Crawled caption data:
BEGIN

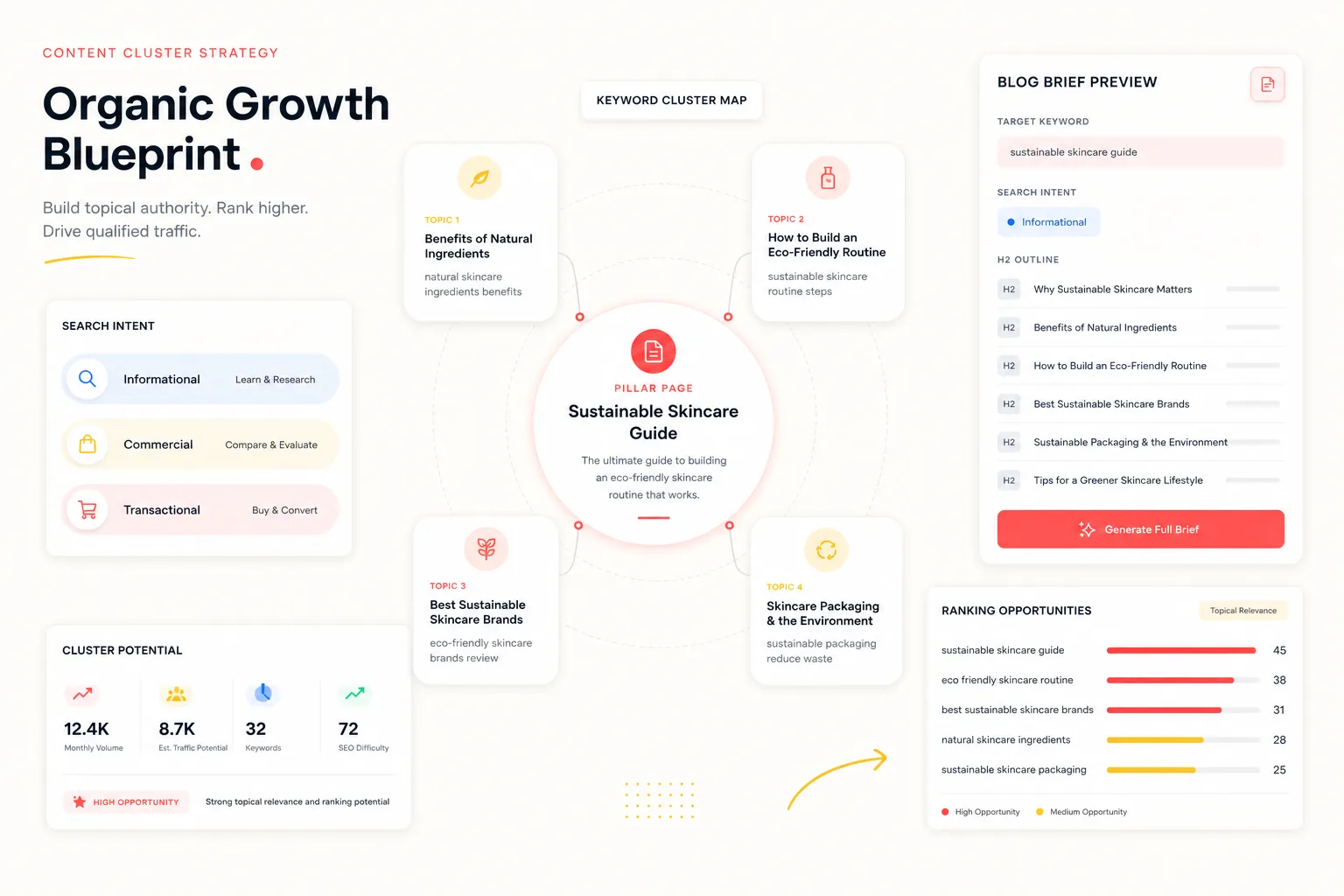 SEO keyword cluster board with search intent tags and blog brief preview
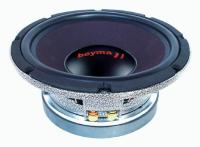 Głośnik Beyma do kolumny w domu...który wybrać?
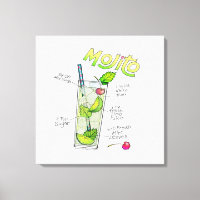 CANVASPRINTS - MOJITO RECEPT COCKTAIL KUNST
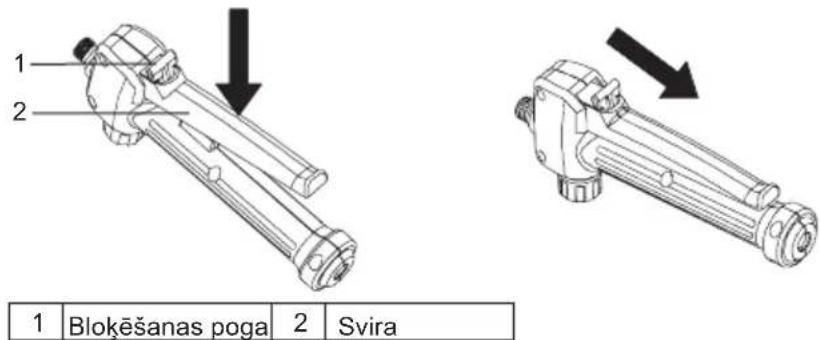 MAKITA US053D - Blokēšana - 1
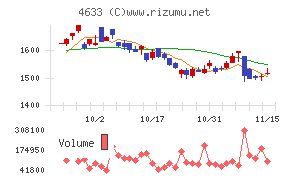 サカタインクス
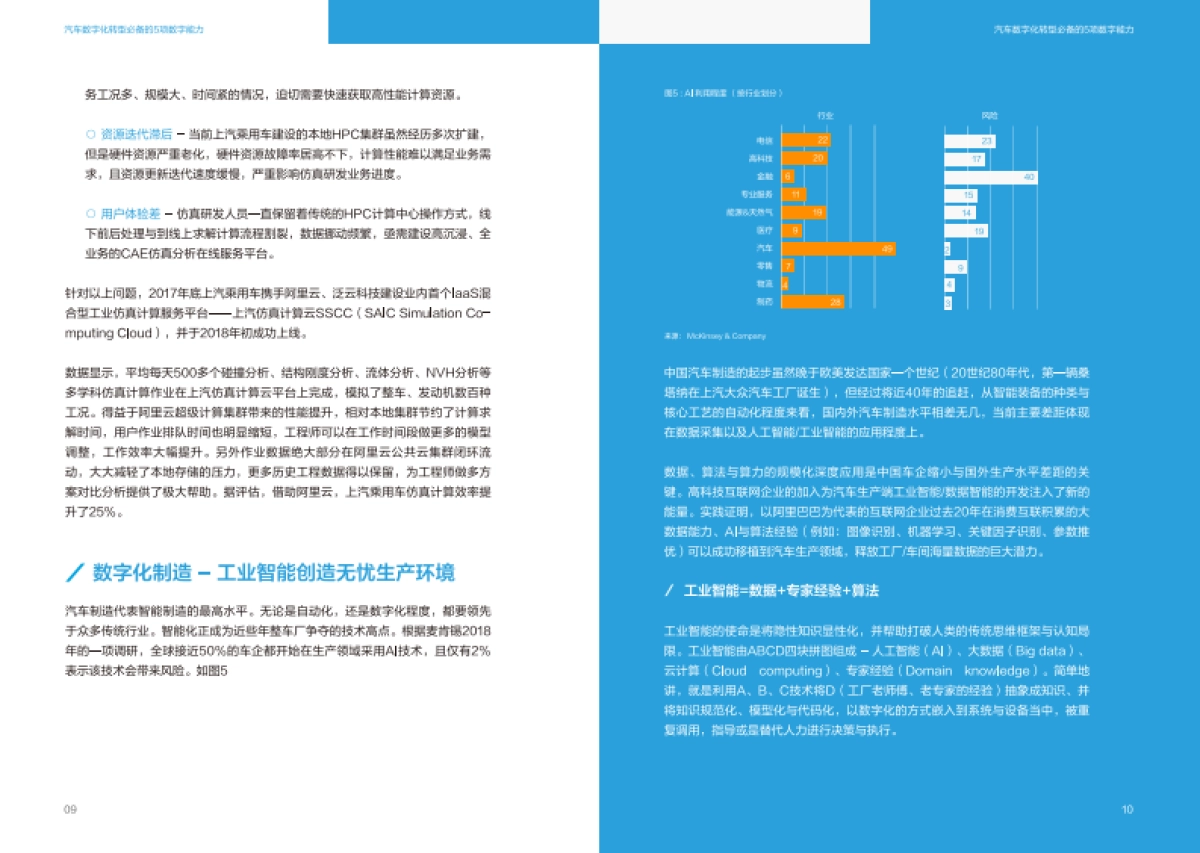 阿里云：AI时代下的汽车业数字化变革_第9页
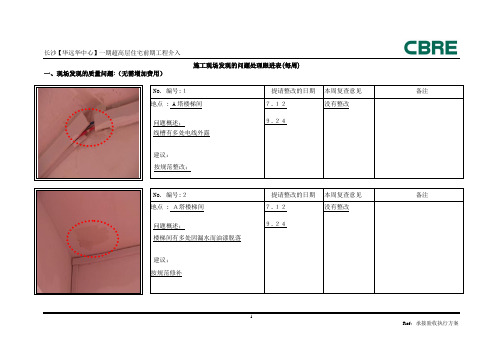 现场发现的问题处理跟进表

END

§ What you should do
With the pictures left out, copy exactly the lines above from the line containing "Głośnik Beyma do" through the last line of the entries.

§ Output below
 Głośnik Beyma do kolumny w domu...który wybrać?
 CANVASPRINTS - MOJITO RECEPT COCKTAIL KUNST
 MAKITA US053D - Blokēšana - 1
 サカタインクス
 阿里云：AI时代下的汽车业数字化变革_第9页
 现场发现的问题处理跟进表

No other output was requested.